India’s rupee reversed gains and bonds declined after a local-language newspaper reported that central bank Governor Raghuram Rajan doesn’t want an extension of his term, though Prime Minister Narendra Modi wants him to stay on.
Rajan has told the government that he doesn’t want to continue as Reserve Bank of India (RBI) chief after his term ends in early September, Bengali-language newspaper Anandabazar Patrika reported yesterday, citing unidentified sources close to Rajan. Modi wants him to continue in the role, according to the newspaper, which is the leading daily in the capital of West Bengal, India’s fourth-most populous state.
The rupee weakened 0.3%, the most since May 24, to close at 67.4525 a dollar in Mumbai, reversing an earlier gain of as much as 0.2%, according to prices from local banks compiled by Bloomberg. 
The central bank probably sold dollars to arrest the currency’s slide, three Mumbai-based traders said, asking not to be identified because they aren’t authorized to speak on the matter publicly. “The trigger for the rupee’s drop seems to be the Rajan report,” said Paresh Nayar, Mumbai-based head of currency and money markets at the local unit of South African lender FirstRand.
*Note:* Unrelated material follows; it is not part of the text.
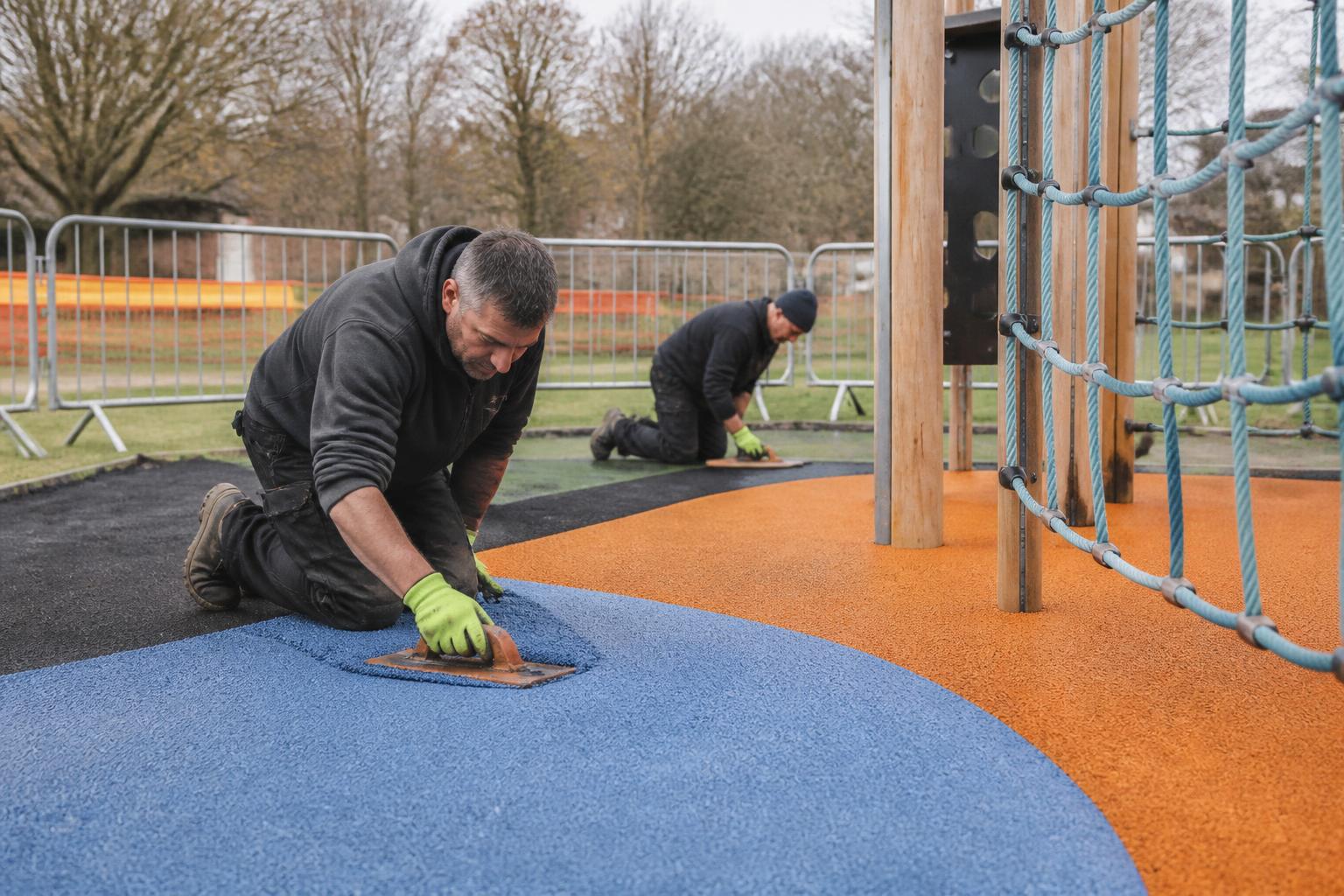 Two installers laying colourful wet pour safety surfacing around new climbing equipment in a UK park playground, temporary barriers set around the site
The reaction suggests that investors want Rajan to continue, he said.
The rupee declined 1.4% in May, its biggest monthly loss since January, as foreign funds exited local bonds amid an emerging-market selloff sparked by growing speculation that a US interest-rate increase is imminent. 
Indian sovereign bonds also fell yesterday, with the yield on notes due January 2026 rising two basis points to 7.49%, its highest close since March 30, according to prices from the RBI’s trading system.
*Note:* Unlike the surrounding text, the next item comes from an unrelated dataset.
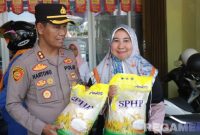 Caption: Kapolres Sampang AKBP Hartono saat melayani langsung masyarakat yang membeli beras murah, (sumber foto: Humas Polres Sampang). 
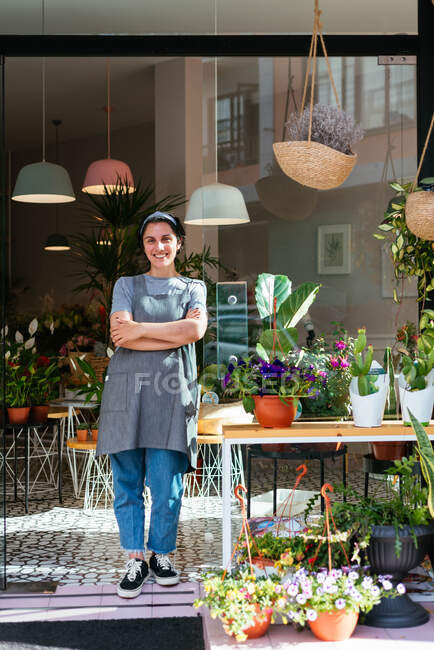 Флорист, стоящий у двери ее цветочного магазина — стоковое фото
Alpana Killawala, a central bank spokeswoman, had no immediate comment on the report. Jagdish Thakkar, a spokesman at the prime minister’s office, wasn’t immediately available for comment, and Finance Ministry spokesman DS Malik didn’t respond to two calls on his mobile phone.
A prominent member of Modi’s ruling party has started a campaign to oust Rajan, arguing that his push for a consumer-price inflation target has hurt the economy. Finance Minister Arun Jaitley has declined to comment on Rajan’s future, while denouncing personal attacks on the governor.
Rajan, a former International Monetary Fund chief economist, has boosted India’s foreign-exchange reserves to all- time highs and helped cut rupee swings by more than half since taking office in September 2013. 
Besides the inflation target, he’s backed efforts to create a monetary policy committee and strongly advocated fiscal discipline.
The rupee gained earlier in the day as a report showed India’s world-beating economic growth accelerated more than estimated at the start of 2016. Gross domestic product rose 7.9% in the January-March quarter from a year earlier, according to official data released after the close of markets on Tuesday. That was quicker than the 7.5% median estimate in a Bloomberg survey and the 7.2% pace seen in the previous quarter.
The growth trajectory and financial health of Asia’s third- largest economy will keep investors interested in rupee bonds, according to Pacific Investment Management Co, which oversees about $1.5tn in assets globally. Rajan is scheduled to next review monetary policy on June 7. He normally holds a press conference after the decision is made public.